With the media storm surrounding Plimlico Plumbers earlier this year, it has no doubt left you confused as to the status of your self-employed contractors – or are they now workers? Or worse: employees? Toni Robinson helps us clear up the confusion.
For me, the surprise of this case is that it got all the way to the highest court in the land, without determining that the claimant was a worker before this challenge. After all, he worked solely for the respondent for six years, wore their uniform, leased a van with a GPS tracker and, following a heart attack, requested to reduce his working days from five to three. The respondent denied his request.

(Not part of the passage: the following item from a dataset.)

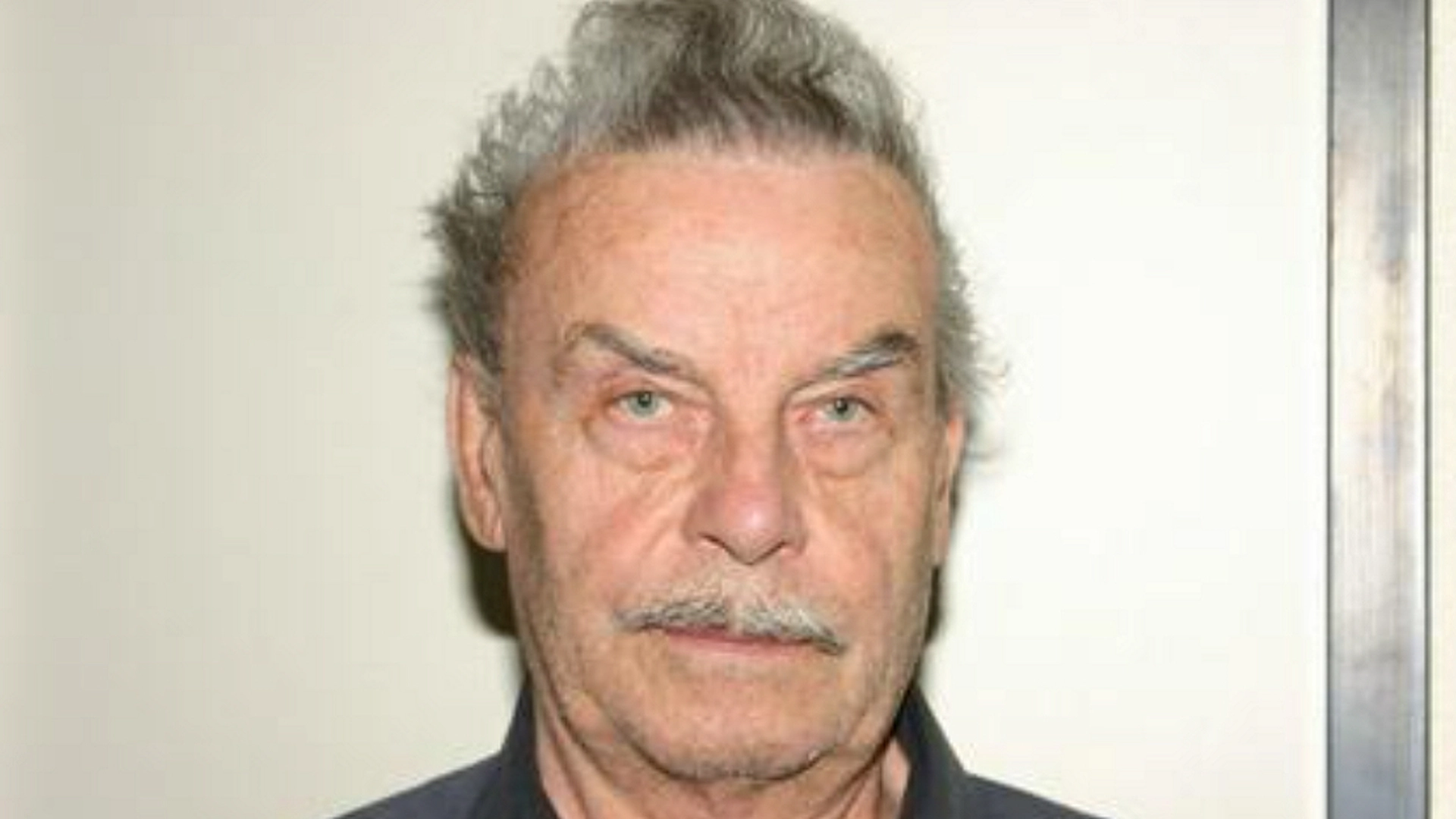 Nå er han ute: Josef Fritzl sett på flere forskjellige kafeer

The flip side, which will no doubt now need to be addressed by a HMRC Tribunal is that whilst the claimant was VAT registered, both he and the respondent benefited from paying significantly less tax and National Insurance as a result of their arrangement.
There are several tests applied when assessing the status of a contractor or worker. The tests applied when assessing the status of the services provided have been in force for many years and include (but not limited to):
The Right of Substitution – where the contractor can subcontract the work to an alternative contractor of equal competence without company objection
No Mutuality of Obligation – neither party is obliged to offer or accept any work
Control – there should be limited (if any) control on the provision of the services by the contractor
The media will have you believe that this is a “shake up” of the “gig economy”, whereas in my view, it’s a correction of the previous courts mistakes.